JavaScript also implicitly creates an object string out of a primitive string whenever you access a property, since only objects can have properties:

var s = "Hi! I'm a string!";
s.property = 6;  // s implicitly coerced to object string, property added
console.log(s.property);  // => undefined
// property was added to the object string, but then the object string was
// discarded as s still contained the primitive string. then s was coerced again
// and the property was missing as it was only added to an object whose reference
// was immediately dropped.

You almost never want an object string because of its quirks (e.g., an empty object string is truthy), so rather than using new String, you almost always want String instead.
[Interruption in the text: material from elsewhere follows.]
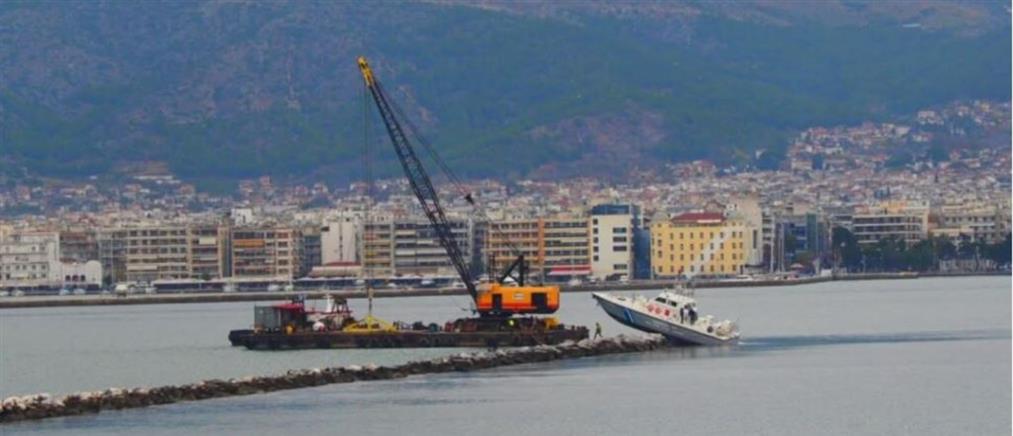 Βόλος: Ξεκίνησε η ανέλκυση του σκάφους του λιμενικού που βρέθηκε πάνω σε βραχίονα του λιμανιού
String without new can even convert an object string back into a primitive string:

typeof String(new String("Hi! I'm a string!"))  // => "string"

I don't know if this issue surfaces in TypeScript, but the primitive/object distinction and especially the truthiness issue becomes very odd with Boolean. For example:

var condition = new Boolean(false);
if(condition) {  // always true; objects are always truthy
    alert("The world is ending!");
}

In short, it's because of the object/primitive distinction. You almost always want primitives where you have the option.